In-store eateries and bars can achieve two primary goals by giving younger consumers the food and beverage experiences they want:
Satisfy Millennials, who eat and drink out more than other age groups and boost business growth potential
Offer a new lens through which to view the store – one that fulfills food and drink desires on multiple levels, and encourages relaxed shopping trips open to discovery
Data from a SupermarketGuru poll lead Foodservice at Retail: Grocerants to suggest some ways below to target Millennials and become more inviting and productive. Enacting these could expand the 61.9% of FMI members who already feel “in-store dining gives them a competitive edge,” a figure reported by USA Today.
1. Convenience. Nearly 60% of SG survey respondents said they eat at grocerants because they’re convenient, and 36% say because they can food shop on the same trip. That’s a great head start on fulfilling each day’s ‘what’s for dinner’ need – and building lunch, breakfast, commuting and snacking trades. Andy Sasser, global culinary operations coordinator at Whole Foods Markets, told USA Today about 15% of a store’s sales usually comes from its eateries.
2. Technology. Millennials check their phones 157 times a day vs. 30 times per average adult, said Facebook, which makes WiFi a key appeal. So are app and kiosk ordering, and phone-based payment systems, which speed transactions.
3. Food and drink quality and innovation. Flavor mashups, global cuisines and healthful choices attract Millenials’ famously adventurous palates. 32% of SG survey respondents said they eat at grocerants because the food tastes good.

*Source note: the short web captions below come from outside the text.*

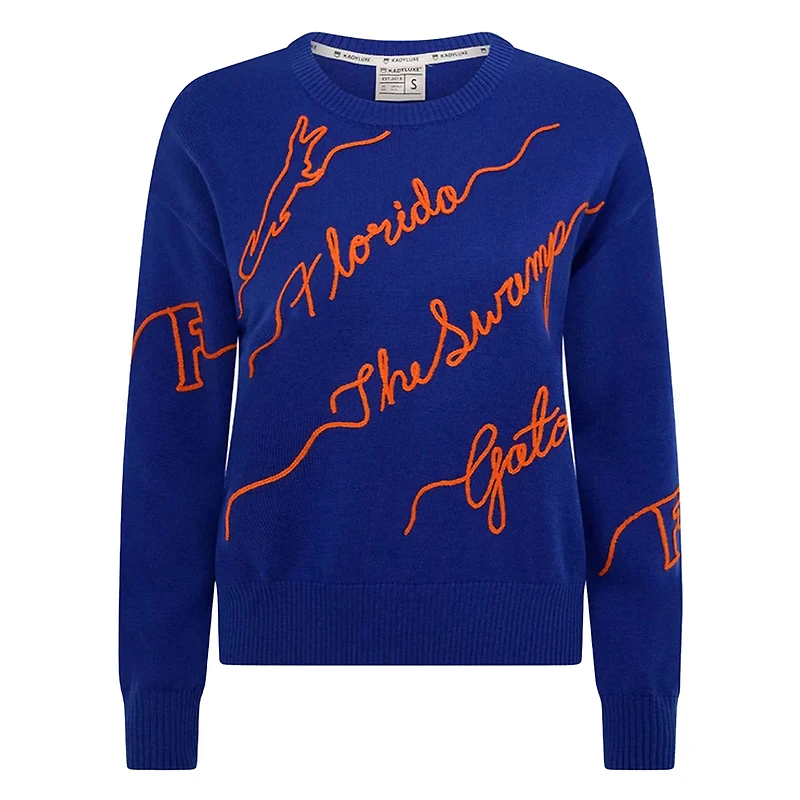 Pull brodé Love Note des Royal Florida Gators pour femme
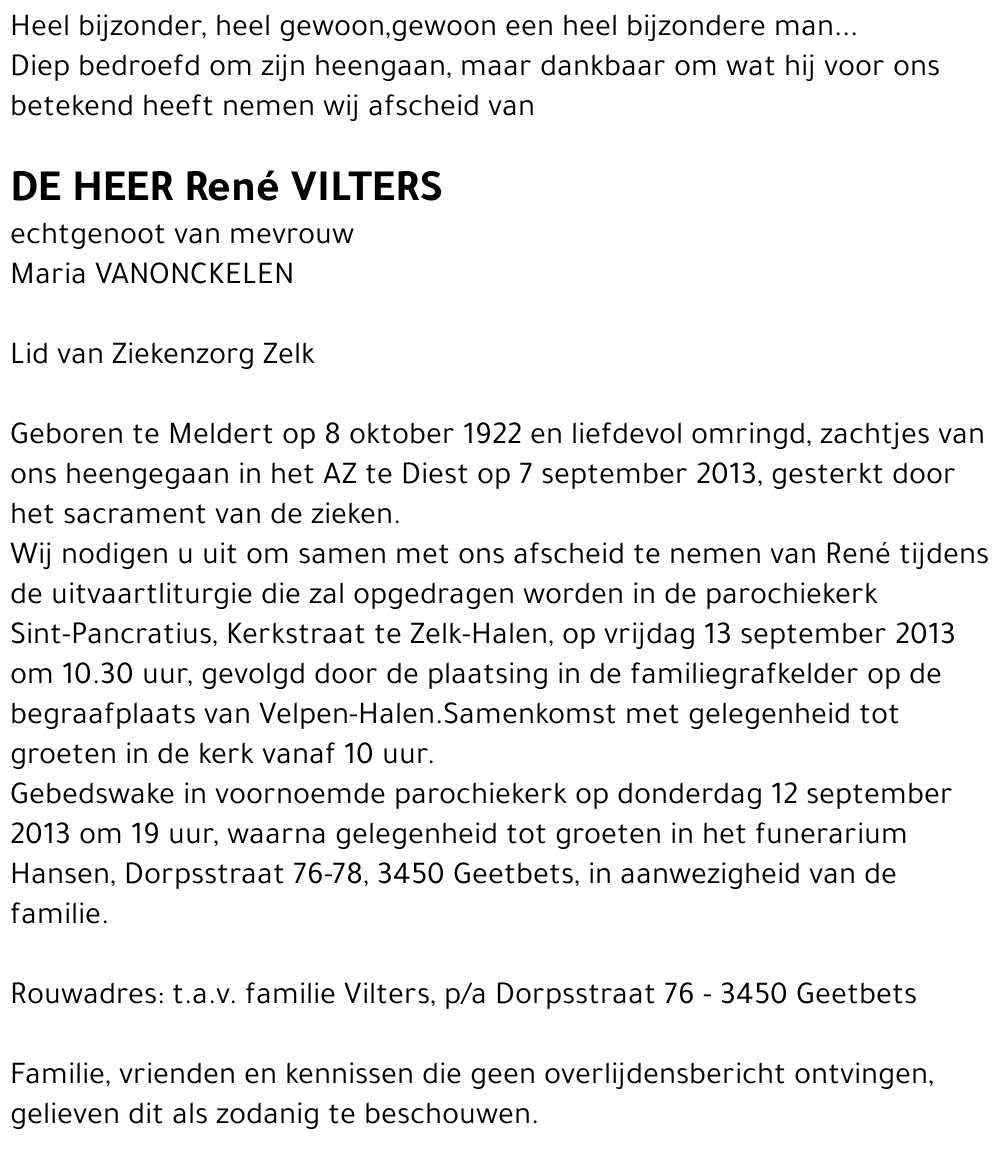 René VILTERS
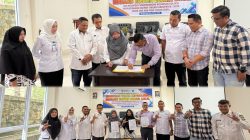 Bawaslu Kampar MoU dengan Dipersip, Langkah Strategis Perkuat Pengawasan Partisipatif Melalui Literasi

4. Alcohol. Craft beers on tap, growlers to go, and wine and cocktails where fuller bar service exists engage shoppers with new flavors and fun socializing experiences. SupermarketGuru Phil Lemper told Eater about trivia nights in tap rooms at some Whole Foods stores, and Sunday mimosa parties at a Mariano’s in Chicago. The many grocerants he’s seen have bar concepts “for good reason…people have a glass of wine or beer while shopping…they’re taking more time…and seeing more products,” he said.

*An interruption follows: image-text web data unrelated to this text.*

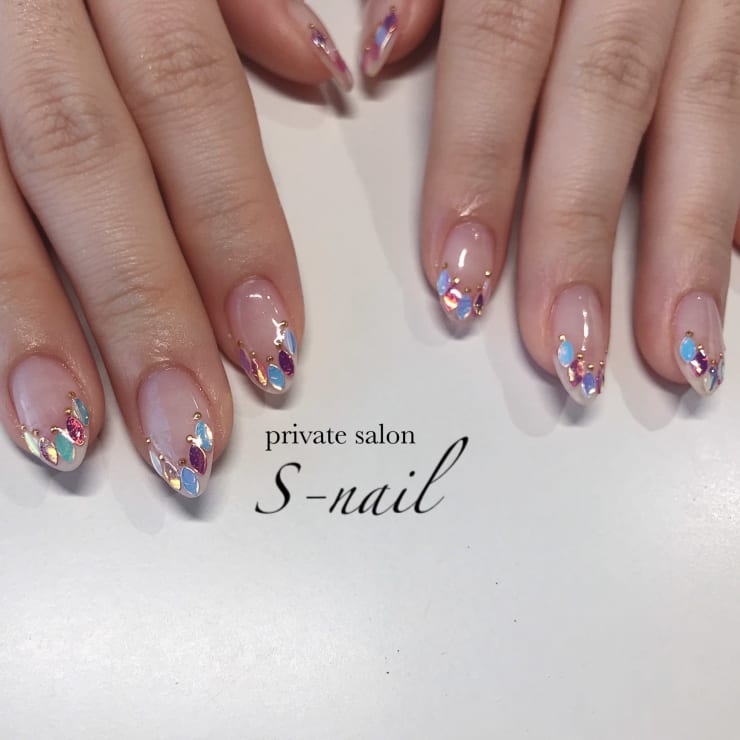 リーフホロネイル 深爪矯正ネイルケア プライベートサロン S Nail 天王寺 フカヅメキョウセイネイルケア プライベートサロン エスネイル テンノウジ のネイルデザイン ネイル まつげサロンを予約するなら楽天ビューティ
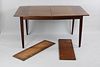 Barney Flagg Drexel Parallel Walnut Dining Table with Leaves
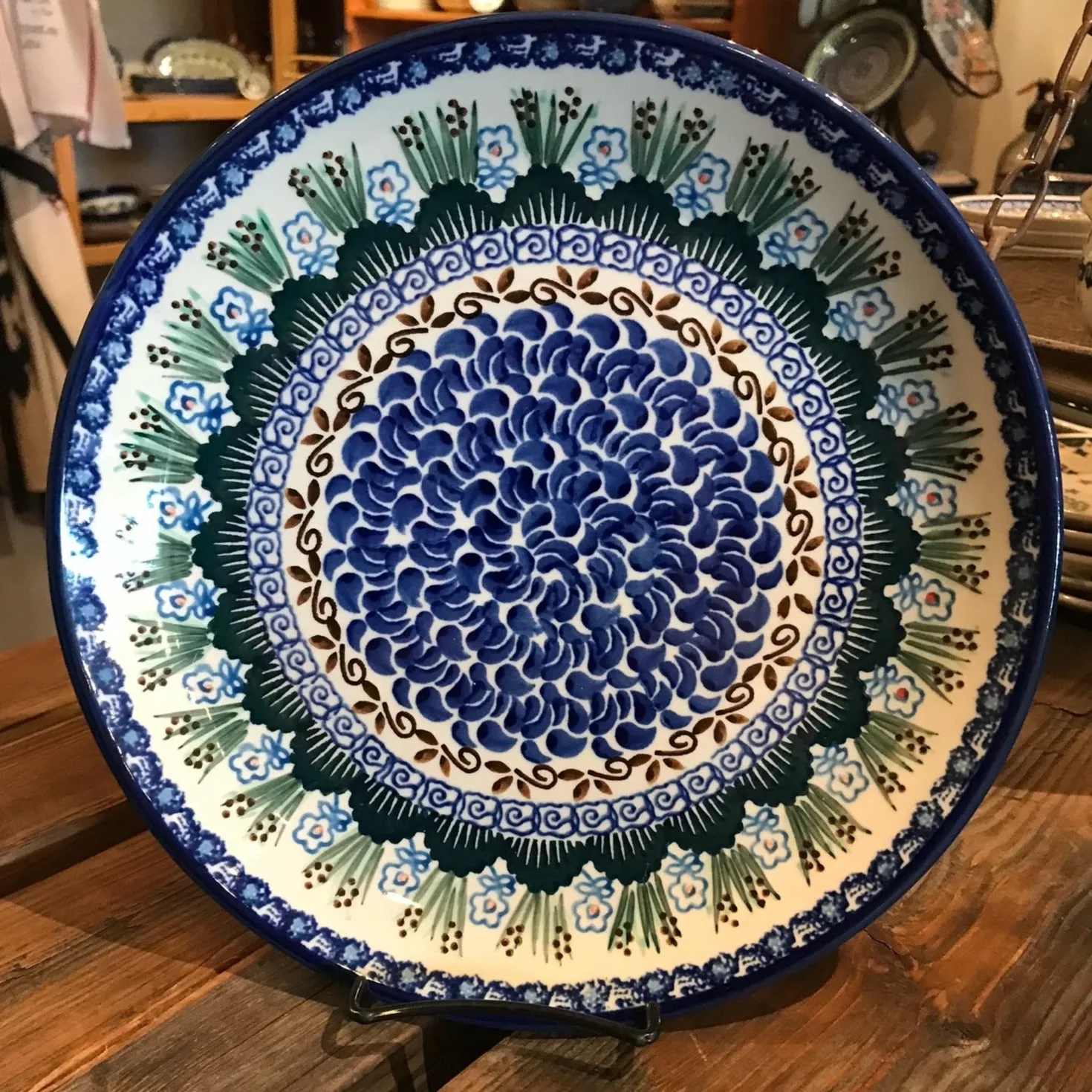 Polish Pottery Signature Dinner/Wall Hanging Plate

5. Cheaper prices than restaurants. A grocerant meal costs $4.22 on average vs. the $7.96 tab at a fast-casual restaurant, said NPD Group research reported by USA Today. The more Millennials become aware of this, the likelier price will be a trip driver, especially among those saddled with education debt or underemployed. So far, 31% of SG survey respondents said they eat at grocerants because it costs less than a restaurant. FRG believes they’ll respond to mobile promotions, coupons and social media marketing.